Start of Data supplied

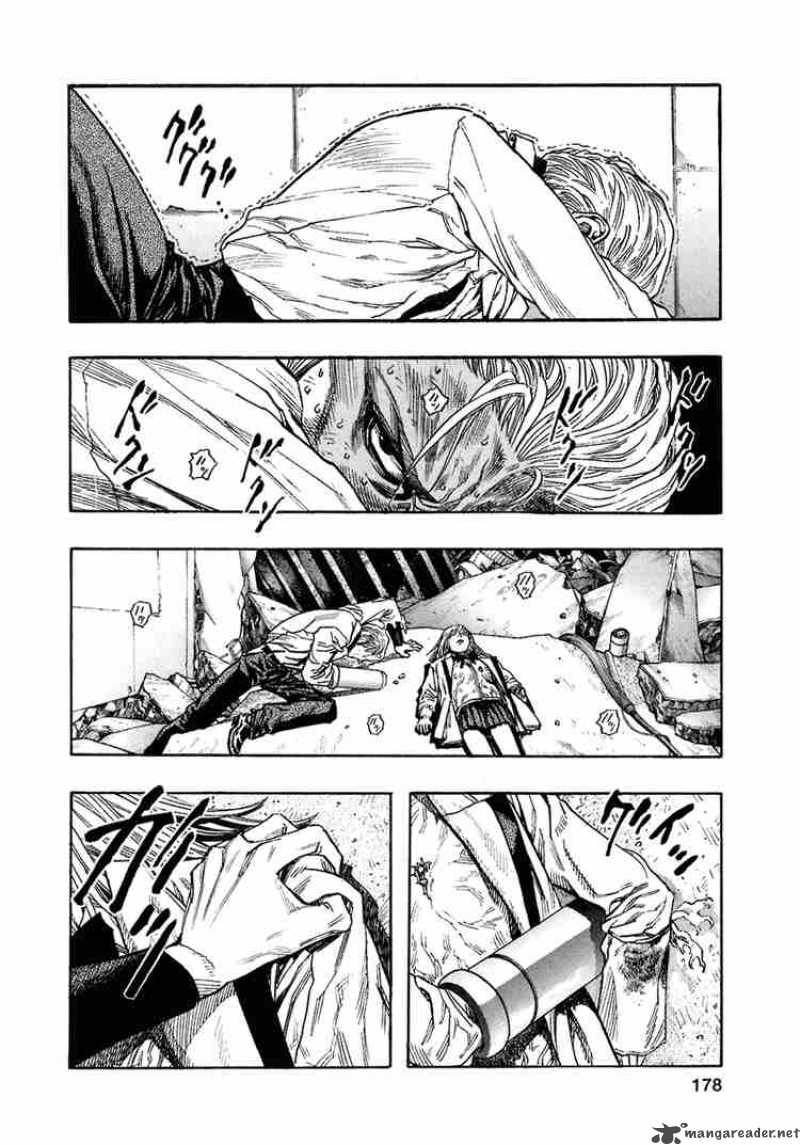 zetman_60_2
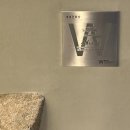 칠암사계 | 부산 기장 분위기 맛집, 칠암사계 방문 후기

End of Data supplied
Start of Data supplied

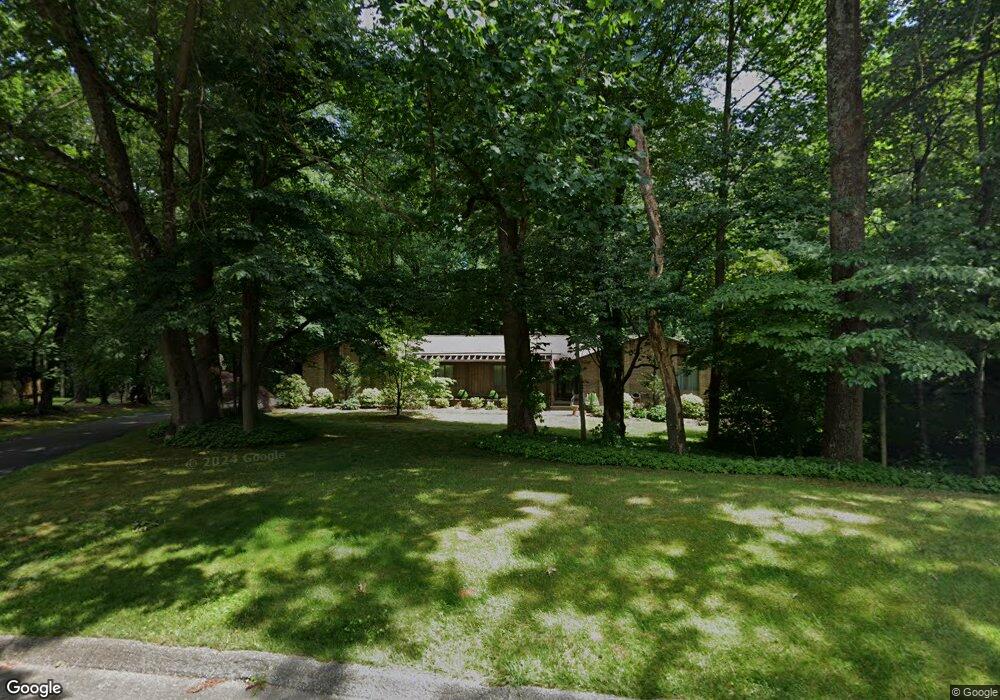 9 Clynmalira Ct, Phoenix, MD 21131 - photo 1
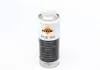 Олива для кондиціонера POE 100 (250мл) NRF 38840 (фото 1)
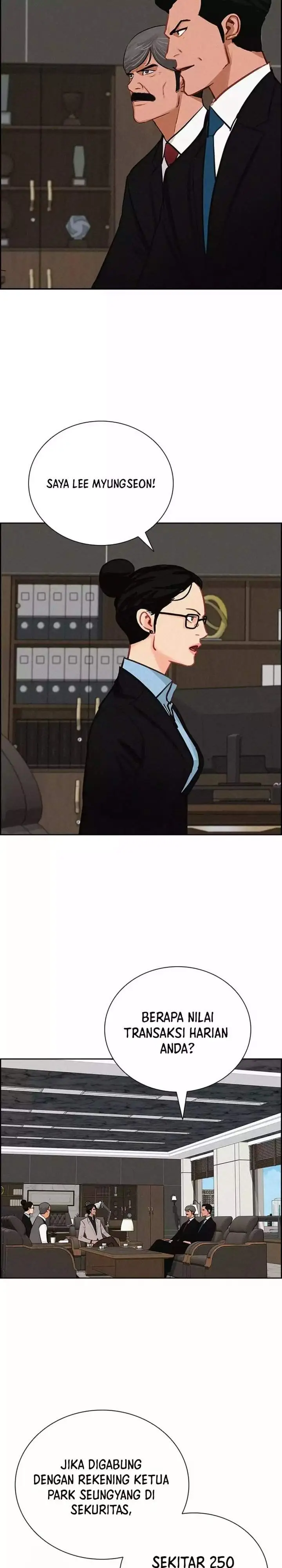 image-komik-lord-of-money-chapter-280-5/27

End of Data supplied
Start of Data supplied

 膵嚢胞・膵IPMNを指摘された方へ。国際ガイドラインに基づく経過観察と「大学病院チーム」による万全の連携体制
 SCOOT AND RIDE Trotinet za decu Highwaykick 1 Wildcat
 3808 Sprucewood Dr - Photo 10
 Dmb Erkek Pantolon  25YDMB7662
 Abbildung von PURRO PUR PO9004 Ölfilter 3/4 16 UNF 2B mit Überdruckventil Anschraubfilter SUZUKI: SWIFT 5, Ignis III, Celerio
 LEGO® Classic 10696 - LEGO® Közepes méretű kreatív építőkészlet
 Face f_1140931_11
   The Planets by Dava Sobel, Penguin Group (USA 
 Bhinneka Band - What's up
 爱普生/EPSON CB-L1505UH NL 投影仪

End of Data supplied

What needs to be done — Once you find the line with "Dmb Erkek Pantolon" in the entries above, output it and each line after it up to and including the line with "爱普生/EPSON CB-L1505UH NL 投影仪", and nothing else.

Reply —
 Dmb Erkek Pantolon  25YDMB7662
 Abbildung von PURRO PUR PO9004 Ölfilter 3/4 16 UNF 2B mit Überdruckventil Anschraubfilter SUZUKI: SWIFT 5, Ignis III, Celerio
 LEGO® Classic 10696 - LEGO® Közepes méretű kreatív építőkészlet
 Face f_1140931_11
   The Planets by Dava Sobel, Penguin Group (USA 
 Bhinneka Band - What's up
 爱普生/EPSON CB-L1505UH NL 投影仪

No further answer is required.